During the Ashoka Summit held this month we were able to discuss with other Fellows challenges facing their countries. Masue Katayama, a Fellow from Japan, has worked for the past twenty years in providing services to the older population in Japan. She came to learn how our firm has been able to change how we care for this older population. We believe that the global financial crisis is pushing us to make due with less and to learn how to use government funding more efficiently. Our firm has a proven track record of being able to service three times as many seniors with the funding the government spends on one. Japan, along with many European countries, has older people and lower health care spending than the U.S. They do this by fixing prices and manipulating prices to keep costs down. Every two years the price of each treatment, test and medication is examined to see if excess profits are leading to overuse and if so the price is cut. This is not done in the U.S. because those who profit from high prices are so powerful. This rationing and price cutting impacts the ability to control chronic illnesses at an early stage.
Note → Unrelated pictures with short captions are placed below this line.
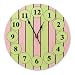 Trend Lab Pixie Stix Wall Clock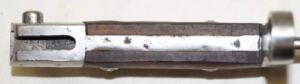 Japanese T30 bayonet converted to M1935.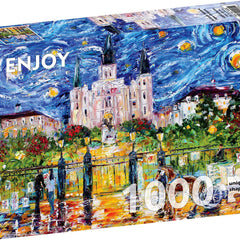 Enjoy Jackson Square, New Orleans Jigsaw Puzzle (1000 Pieces)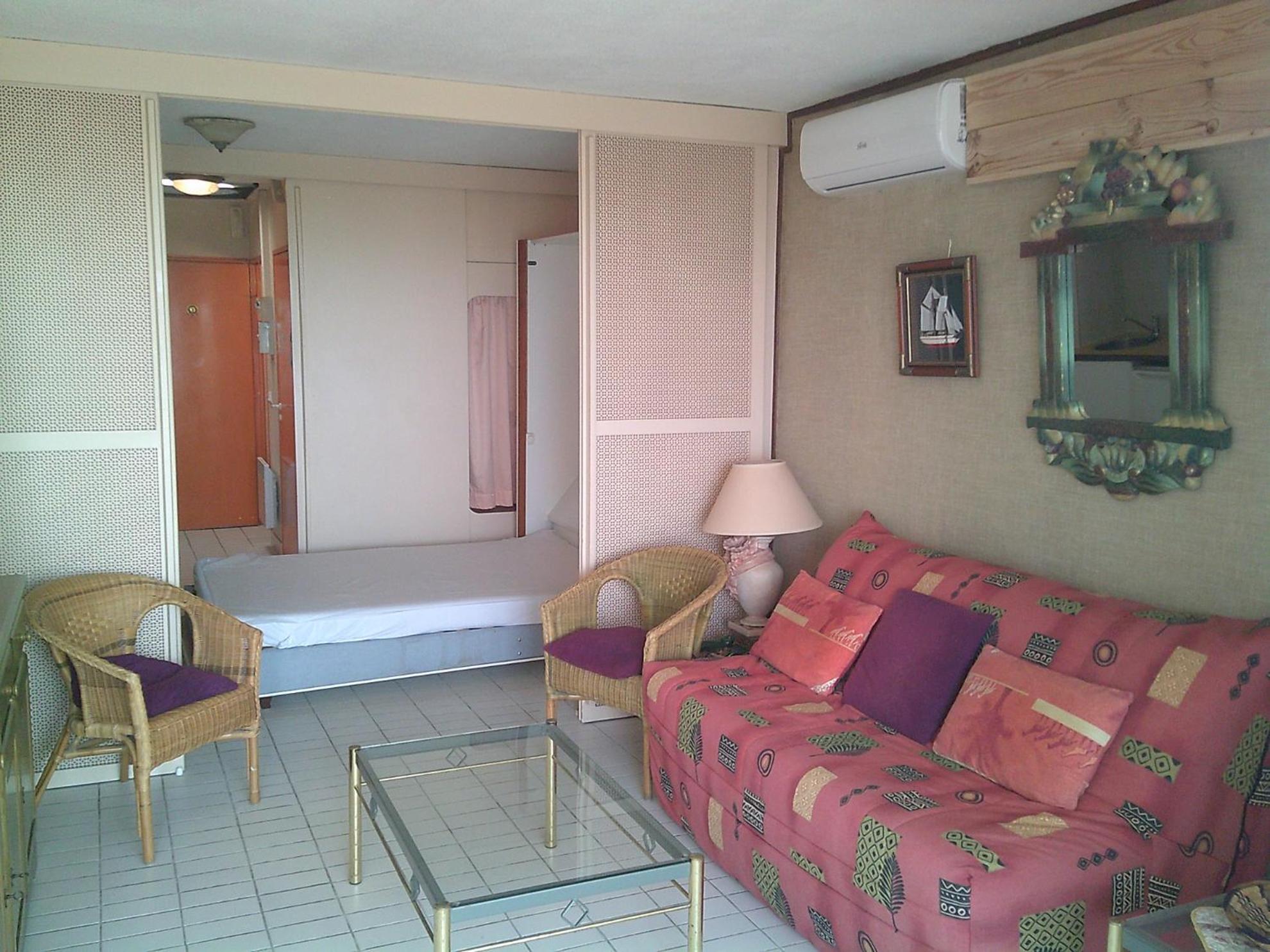 Vittoria Immobilier 8 - Reglement Sur Place - Cheques Vacances Acceptes ラ・グランド・モット 部屋 写真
Instead of rationing, Japan should look at ways to improve people’s lives by systematically changing lifestyles through better diets, exercise, medication management and supervision. This is something that Japan and other European countries can learn from the U.S.
Masue and I sat down to establish a collaborative effort that will enable us to learn from each other. She visited one of our affordable assisted living facilities and was impressed with the home atmosphere and the improvement in the physical and cognitive health of our residents. We agreed to formalize this collaboration by her sending a group of her operators to the U.S. for a month to live and learn at one of our facilities. Mia will do the same as we know that there are lessons to be learned from Japan as they tackle the common challenges of global aging.